"Yes, they do!" they exclaimed. "Then we move off far away, several days' journey from where the leopards have come to eat some of us; and often we make traps to catch them. We hate the leopards!" the Obongos shouted with one voice.
"How do you make your fires? tell me;" and I could not help thinking that, however wild a man was, even though he might be apparently little above the chimpanzee, he had always a fire, and knew how to make it.
They showed me flint-stones, and a species of oakum coming from the palm-tree, and said they knocked these stones against each other, and the sparks gave them fire.
Then, to astonish them, I took a match from my match-box and lighted it. As soon as they saw the flame a wild shout rang through the settlement.
"Obongos, tell me," said I, "how you get your wives, for your settlements are far apart, and you have no paths leading through the forest from one to another. You never know how far the next settlement of the Dwarfs may be from yours."
"It is true," said they, "that sometimes we do not know where the next encampment of the Obongos may be, and we do not wish to know, for sometimes we fight among ourselves, and if we lived near together we should become too numerous, and find it difficult to procure berries and game.
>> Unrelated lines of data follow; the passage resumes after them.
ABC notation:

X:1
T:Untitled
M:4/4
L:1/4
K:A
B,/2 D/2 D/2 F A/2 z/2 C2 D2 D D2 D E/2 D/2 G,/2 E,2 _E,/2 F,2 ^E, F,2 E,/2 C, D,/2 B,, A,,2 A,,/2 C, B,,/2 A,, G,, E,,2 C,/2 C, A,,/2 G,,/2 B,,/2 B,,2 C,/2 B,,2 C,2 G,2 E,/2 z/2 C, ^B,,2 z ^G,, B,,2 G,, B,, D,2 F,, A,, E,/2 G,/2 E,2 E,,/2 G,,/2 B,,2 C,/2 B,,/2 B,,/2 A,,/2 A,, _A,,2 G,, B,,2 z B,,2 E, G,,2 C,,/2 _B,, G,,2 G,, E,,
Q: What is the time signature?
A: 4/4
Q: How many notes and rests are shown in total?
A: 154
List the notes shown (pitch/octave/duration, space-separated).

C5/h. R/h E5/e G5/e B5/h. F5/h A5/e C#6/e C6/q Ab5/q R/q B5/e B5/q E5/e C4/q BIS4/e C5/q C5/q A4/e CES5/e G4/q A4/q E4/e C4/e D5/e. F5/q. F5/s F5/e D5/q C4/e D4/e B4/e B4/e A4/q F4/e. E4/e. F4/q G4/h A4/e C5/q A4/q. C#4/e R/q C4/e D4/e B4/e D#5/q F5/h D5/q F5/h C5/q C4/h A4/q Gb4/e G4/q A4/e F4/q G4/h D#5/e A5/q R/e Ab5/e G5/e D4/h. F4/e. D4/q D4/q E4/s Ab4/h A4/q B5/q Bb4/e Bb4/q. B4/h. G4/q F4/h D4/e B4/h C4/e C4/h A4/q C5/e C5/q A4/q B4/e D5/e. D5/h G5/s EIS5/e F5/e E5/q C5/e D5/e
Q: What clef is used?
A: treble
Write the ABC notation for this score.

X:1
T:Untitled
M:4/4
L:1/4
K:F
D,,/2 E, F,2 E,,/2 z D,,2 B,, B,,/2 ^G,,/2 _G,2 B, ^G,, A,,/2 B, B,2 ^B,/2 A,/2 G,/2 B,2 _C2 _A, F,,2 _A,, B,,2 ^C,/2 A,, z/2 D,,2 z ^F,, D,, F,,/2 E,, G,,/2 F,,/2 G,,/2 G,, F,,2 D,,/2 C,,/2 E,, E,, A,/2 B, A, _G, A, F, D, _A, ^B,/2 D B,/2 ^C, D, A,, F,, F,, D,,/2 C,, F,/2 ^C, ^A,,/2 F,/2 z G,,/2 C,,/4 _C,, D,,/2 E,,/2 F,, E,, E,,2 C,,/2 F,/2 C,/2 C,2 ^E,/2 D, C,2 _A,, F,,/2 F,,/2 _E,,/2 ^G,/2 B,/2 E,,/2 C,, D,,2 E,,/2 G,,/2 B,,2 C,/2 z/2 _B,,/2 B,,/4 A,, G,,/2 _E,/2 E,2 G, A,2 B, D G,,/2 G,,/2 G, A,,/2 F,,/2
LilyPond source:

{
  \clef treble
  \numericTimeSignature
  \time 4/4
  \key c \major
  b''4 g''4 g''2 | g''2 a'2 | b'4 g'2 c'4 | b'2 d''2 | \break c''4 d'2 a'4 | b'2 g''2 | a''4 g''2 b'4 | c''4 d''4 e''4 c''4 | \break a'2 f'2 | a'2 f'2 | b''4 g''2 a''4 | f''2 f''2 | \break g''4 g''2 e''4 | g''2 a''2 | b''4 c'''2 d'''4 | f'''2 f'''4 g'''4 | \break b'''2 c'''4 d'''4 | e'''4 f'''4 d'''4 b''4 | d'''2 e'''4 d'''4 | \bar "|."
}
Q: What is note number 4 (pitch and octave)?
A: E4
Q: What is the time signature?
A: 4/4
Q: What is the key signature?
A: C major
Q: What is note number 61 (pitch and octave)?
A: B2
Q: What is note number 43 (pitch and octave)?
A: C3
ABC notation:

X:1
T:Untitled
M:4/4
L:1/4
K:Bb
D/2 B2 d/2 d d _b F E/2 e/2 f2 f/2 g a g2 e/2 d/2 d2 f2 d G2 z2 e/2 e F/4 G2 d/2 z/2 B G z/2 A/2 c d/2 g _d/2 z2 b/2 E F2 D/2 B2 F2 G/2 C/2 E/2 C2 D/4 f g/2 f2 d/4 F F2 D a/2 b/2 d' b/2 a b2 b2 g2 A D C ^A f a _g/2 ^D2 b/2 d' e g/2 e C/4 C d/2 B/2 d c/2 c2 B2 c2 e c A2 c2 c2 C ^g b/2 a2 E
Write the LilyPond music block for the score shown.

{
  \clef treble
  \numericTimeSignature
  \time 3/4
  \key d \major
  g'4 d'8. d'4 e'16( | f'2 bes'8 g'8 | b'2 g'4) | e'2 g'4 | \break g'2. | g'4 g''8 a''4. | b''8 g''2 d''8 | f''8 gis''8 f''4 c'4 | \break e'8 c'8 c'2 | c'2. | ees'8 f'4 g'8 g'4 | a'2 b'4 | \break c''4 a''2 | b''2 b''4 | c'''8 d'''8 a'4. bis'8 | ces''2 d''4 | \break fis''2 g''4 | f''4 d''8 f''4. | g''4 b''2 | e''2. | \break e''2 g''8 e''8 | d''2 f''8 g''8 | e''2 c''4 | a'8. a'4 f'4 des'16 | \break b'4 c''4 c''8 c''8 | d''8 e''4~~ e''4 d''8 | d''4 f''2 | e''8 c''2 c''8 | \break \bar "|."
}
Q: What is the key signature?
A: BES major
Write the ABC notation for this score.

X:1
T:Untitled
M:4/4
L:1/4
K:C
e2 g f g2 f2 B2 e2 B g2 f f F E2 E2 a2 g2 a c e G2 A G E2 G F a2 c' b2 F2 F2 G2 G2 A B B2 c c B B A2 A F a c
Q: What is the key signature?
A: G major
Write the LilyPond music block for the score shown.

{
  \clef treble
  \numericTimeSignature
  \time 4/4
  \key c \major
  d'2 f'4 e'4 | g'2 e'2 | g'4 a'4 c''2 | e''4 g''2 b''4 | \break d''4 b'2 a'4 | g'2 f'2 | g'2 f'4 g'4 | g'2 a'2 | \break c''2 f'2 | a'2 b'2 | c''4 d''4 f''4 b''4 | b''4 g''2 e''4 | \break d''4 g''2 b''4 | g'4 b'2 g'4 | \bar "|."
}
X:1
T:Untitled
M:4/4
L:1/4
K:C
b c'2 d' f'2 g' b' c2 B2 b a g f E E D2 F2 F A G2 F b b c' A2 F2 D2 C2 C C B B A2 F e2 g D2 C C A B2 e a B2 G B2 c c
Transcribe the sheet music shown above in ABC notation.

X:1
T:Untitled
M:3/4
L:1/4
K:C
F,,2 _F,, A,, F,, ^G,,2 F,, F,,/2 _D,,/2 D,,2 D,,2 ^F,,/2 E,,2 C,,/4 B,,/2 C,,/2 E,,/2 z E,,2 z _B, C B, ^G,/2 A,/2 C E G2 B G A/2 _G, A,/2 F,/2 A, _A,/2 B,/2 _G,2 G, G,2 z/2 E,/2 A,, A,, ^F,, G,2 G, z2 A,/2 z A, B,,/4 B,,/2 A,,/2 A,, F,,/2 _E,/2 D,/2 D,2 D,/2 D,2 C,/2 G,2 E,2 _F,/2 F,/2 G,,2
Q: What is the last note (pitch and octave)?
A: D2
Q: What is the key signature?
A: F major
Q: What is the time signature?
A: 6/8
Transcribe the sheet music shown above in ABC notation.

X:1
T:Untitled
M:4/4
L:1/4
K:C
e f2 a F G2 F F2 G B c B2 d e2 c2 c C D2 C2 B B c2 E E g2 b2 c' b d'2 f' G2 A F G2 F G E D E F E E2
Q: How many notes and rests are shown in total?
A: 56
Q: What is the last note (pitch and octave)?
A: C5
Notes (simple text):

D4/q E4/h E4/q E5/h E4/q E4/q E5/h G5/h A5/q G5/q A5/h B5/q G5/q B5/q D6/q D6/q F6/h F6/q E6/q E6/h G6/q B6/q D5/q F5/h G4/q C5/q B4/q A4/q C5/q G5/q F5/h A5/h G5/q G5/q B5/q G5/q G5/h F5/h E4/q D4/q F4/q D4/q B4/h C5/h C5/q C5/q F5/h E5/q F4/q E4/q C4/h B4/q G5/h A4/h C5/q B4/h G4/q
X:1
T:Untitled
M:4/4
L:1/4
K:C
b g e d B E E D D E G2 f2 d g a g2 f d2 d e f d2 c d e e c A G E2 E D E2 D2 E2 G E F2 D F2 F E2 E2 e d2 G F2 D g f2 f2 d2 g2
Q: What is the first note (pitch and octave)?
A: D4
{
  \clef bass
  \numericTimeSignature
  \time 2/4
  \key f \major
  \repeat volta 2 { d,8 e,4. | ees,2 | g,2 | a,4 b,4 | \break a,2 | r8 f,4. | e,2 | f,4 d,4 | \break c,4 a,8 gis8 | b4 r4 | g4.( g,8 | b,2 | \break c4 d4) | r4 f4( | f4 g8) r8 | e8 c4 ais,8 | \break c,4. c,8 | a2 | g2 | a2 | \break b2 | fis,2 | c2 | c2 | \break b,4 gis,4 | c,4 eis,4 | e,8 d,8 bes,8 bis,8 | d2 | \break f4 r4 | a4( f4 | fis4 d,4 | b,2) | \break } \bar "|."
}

Our people never leave one settlement for another. Generation after generation we have lived among ourselves, and married among ourselves. It is but seldom we permit a stranger from another Obongo settlement to come among us."
"How far," said I, pointing to the east, "do you meet Obongos?"
"Far, far away," they answered, "toward where the sun rises, Obongos are found scattered in the great forest. We love the woods, for there we live, and if we were to live any where else we should starve."
"As you wander through the forest," I asked, "don't you sometimes come to prairies?"